Friday, February 8, 2008

What a Journey

Never pray for God's will unless you are capable of accepting WHATEVER that may mean.

This has been one ROUGH Ride. I came in Friday a week ago to have a simple back surgery. My neurosurgeon was a very trusted doctor, now I dont trust ANY medical professionals.

I came out of surgery not breathing properly and in excruciating pain. They sent me home anyhow, oh ya, and I had NO use of my legs.
Saturday, I called the hospital, and they had me come back, they put me on some heavier duty pain meds, anti nausea meds, and then I collapsed as they went to send me home again.

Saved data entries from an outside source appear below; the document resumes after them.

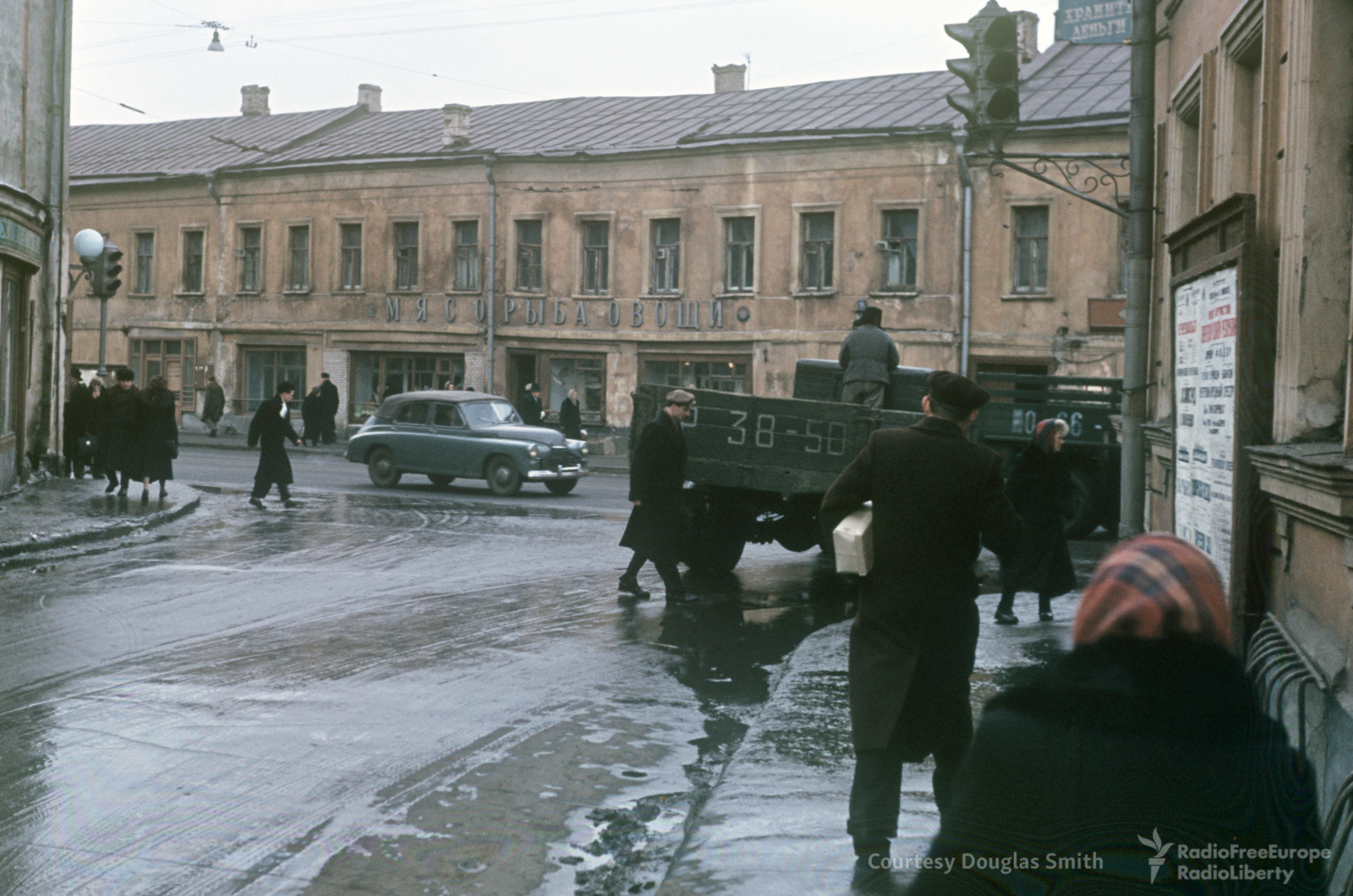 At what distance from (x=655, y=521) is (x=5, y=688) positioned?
16.7ft

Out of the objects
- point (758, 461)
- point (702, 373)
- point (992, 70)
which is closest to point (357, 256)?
point (702, 373)

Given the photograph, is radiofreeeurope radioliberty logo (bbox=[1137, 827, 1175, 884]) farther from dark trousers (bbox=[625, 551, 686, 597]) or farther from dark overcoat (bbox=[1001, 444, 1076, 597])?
dark trousers (bbox=[625, 551, 686, 597])

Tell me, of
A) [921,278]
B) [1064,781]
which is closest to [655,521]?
[1064,781]

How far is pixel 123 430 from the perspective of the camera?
1856cm

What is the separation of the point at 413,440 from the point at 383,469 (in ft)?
2.69

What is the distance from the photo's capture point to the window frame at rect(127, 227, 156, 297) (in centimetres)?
4238

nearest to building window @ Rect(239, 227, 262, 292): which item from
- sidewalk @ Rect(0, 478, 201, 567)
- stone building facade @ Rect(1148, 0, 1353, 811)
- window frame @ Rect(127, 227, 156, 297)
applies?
window frame @ Rect(127, 227, 156, 297)

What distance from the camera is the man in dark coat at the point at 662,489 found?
36.5 ft

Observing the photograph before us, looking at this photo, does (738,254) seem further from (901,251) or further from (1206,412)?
(1206,412)

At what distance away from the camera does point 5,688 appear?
7.39 m

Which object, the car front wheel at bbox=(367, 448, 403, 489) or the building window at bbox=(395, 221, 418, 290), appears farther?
the building window at bbox=(395, 221, 418, 290)

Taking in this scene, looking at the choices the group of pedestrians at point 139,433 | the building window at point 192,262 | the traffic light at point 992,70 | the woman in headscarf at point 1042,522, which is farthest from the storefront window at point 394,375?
the woman in headscarf at point 1042,522

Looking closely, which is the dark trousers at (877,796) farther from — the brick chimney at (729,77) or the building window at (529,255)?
the brick chimney at (729,77)

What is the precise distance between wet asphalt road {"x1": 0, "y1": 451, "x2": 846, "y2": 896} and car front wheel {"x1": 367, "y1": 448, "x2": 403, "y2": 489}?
8.83m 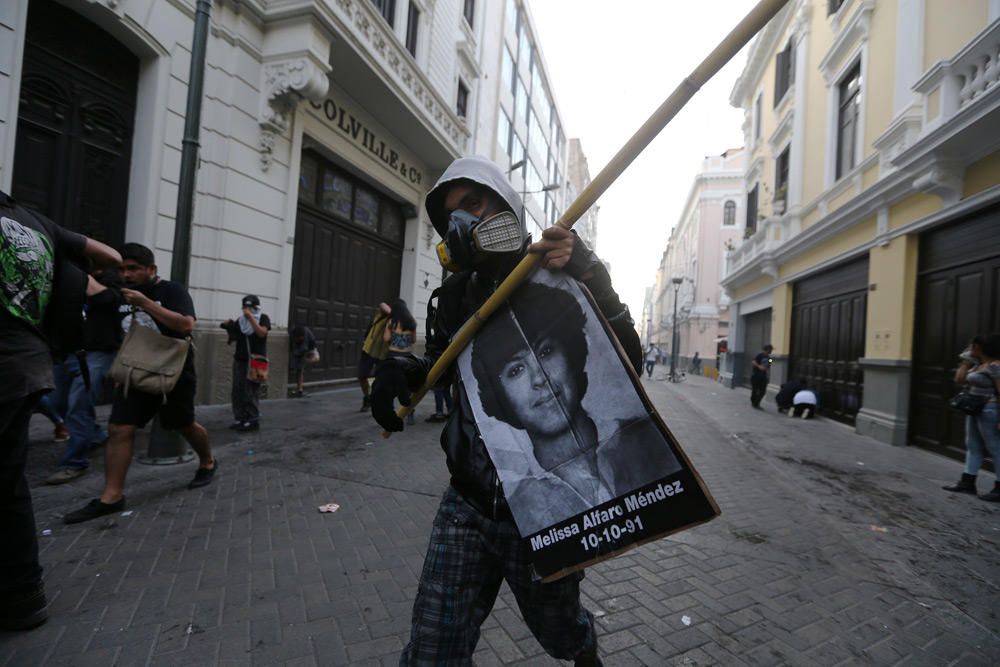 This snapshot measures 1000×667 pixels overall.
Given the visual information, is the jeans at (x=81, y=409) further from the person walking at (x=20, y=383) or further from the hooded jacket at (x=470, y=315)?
the hooded jacket at (x=470, y=315)

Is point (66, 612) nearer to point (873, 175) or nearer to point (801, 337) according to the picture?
point (873, 175)

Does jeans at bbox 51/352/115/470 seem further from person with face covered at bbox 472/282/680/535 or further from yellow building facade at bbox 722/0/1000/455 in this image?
yellow building facade at bbox 722/0/1000/455

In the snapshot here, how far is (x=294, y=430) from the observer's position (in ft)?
19.8

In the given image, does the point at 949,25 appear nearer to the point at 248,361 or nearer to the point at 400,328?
the point at 400,328

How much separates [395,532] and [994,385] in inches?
239

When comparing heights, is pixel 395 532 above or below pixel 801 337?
below

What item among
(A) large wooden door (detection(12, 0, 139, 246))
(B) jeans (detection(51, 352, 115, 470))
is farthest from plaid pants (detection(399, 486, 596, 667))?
(A) large wooden door (detection(12, 0, 139, 246))

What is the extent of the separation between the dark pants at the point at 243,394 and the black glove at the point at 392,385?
16.2ft

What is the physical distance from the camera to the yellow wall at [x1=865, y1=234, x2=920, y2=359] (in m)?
7.88

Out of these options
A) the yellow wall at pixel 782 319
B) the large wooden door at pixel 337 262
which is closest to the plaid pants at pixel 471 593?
the large wooden door at pixel 337 262

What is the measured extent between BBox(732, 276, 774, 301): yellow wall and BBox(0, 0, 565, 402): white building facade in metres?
11.2

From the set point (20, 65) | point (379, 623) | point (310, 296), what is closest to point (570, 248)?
point (379, 623)

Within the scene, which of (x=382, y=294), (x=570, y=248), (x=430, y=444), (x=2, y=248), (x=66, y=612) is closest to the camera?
(x=570, y=248)

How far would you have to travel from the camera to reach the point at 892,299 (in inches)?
321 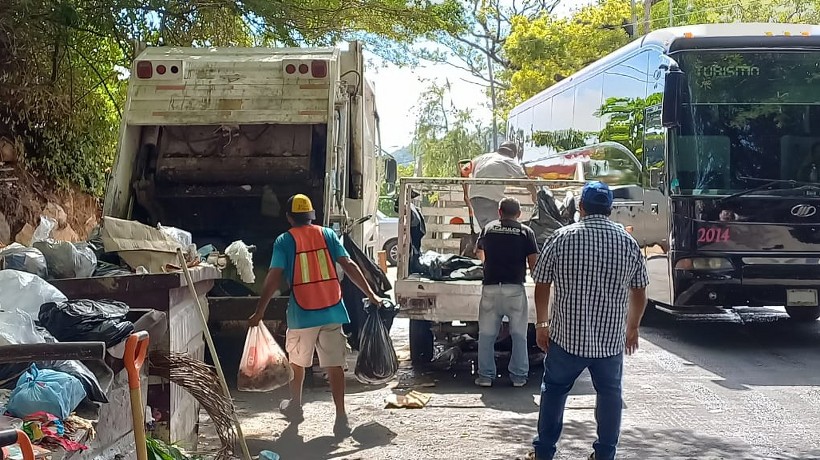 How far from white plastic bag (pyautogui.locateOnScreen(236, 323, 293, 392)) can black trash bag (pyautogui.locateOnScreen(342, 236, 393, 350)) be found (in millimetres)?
1103

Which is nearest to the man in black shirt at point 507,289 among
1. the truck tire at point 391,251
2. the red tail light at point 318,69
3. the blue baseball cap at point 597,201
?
the red tail light at point 318,69

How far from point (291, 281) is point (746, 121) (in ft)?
17.2

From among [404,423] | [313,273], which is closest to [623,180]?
[404,423]

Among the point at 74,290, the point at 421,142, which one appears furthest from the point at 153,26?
the point at 421,142

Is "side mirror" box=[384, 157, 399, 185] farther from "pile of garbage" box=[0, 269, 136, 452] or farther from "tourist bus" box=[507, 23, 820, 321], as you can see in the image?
"pile of garbage" box=[0, 269, 136, 452]

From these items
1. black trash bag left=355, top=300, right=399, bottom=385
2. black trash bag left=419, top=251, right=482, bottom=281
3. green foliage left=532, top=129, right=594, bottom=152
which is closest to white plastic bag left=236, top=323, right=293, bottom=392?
black trash bag left=355, top=300, right=399, bottom=385

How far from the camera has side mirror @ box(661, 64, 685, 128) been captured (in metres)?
8.95

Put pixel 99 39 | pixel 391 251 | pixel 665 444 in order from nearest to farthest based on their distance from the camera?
pixel 665 444, pixel 99 39, pixel 391 251

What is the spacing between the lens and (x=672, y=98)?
8953 millimetres

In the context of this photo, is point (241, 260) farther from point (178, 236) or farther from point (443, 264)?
point (443, 264)

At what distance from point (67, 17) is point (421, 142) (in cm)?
2604

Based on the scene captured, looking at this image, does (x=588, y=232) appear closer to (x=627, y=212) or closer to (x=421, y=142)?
(x=627, y=212)

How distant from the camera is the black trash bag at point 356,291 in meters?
7.31

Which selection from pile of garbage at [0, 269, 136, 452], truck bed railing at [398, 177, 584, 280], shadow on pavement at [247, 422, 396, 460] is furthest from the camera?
truck bed railing at [398, 177, 584, 280] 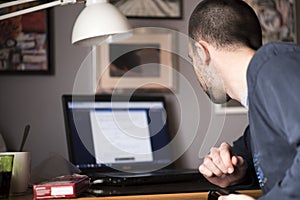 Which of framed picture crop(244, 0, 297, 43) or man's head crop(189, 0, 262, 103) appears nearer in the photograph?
man's head crop(189, 0, 262, 103)

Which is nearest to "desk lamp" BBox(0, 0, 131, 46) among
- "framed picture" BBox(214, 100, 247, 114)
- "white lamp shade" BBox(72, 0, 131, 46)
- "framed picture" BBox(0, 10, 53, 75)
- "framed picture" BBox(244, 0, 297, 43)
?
"white lamp shade" BBox(72, 0, 131, 46)

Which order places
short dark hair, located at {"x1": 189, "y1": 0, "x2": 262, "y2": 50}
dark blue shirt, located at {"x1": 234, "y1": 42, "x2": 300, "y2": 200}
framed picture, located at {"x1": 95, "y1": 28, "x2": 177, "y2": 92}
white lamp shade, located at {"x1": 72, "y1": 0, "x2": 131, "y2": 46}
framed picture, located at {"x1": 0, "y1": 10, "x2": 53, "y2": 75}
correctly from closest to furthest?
dark blue shirt, located at {"x1": 234, "y1": 42, "x2": 300, "y2": 200} < short dark hair, located at {"x1": 189, "y1": 0, "x2": 262, "y2": 50} < white lamp shade, located at {"x1": 72, "y1": 0, "x2": 131, "y2": 46} < framed picture, located at {"x1": 0, "y1": 10, "x2": 53, "y2": 75} < framed picture, located at {"x1": 95, "y1": 28, "x2": 177, "y2": 92}

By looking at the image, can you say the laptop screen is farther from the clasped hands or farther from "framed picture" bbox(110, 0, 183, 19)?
the clasped hands

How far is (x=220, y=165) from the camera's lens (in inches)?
56.1

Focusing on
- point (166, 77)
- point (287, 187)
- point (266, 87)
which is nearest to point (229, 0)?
point (266, 87)

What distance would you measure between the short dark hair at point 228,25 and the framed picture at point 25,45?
2.81 ft

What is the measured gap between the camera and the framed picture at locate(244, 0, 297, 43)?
2246 mm

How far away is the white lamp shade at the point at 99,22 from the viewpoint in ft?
4.87

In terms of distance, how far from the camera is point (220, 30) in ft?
4.05

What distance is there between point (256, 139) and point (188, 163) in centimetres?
106

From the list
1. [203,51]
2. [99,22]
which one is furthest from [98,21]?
[203,51]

Ok, this is where it gets fun. On Sunday night they admited me to 5th floor I was a bit stressed, in LOTS of pain, and given lots of pain and nausea meds. Too much actually on Monday I had a heart attack from the overdose. My pain was still really bad, but now I was off the pain meds because they didn't get along with my heart.

Tuesday they transferred me to the second floor where I was for the next several days, They had me on lots of heart monitors and sent me for lots of tests, it was touch and go and very scary not knowing what was happening. Last night I was finally transferred out of Progressive care and back to a regular floor. This morning they totally freaked me out telling me that they wanted to admit me to a rehab facility for 2 more weeks. I am hobbling around nicely now. No, its still not easy, but I REFUSE to be admitted to Rehab. I will walk. I will get through this, and I am not staying in this mad house another night.

I have met several really wonderful people, gotten to tell them how wonderful God is, got to talk about homeschooling even met a lady who lives literally RIGHT down the street from me. How cool is that.

God was looking out for me, but its definitely been a rough ride.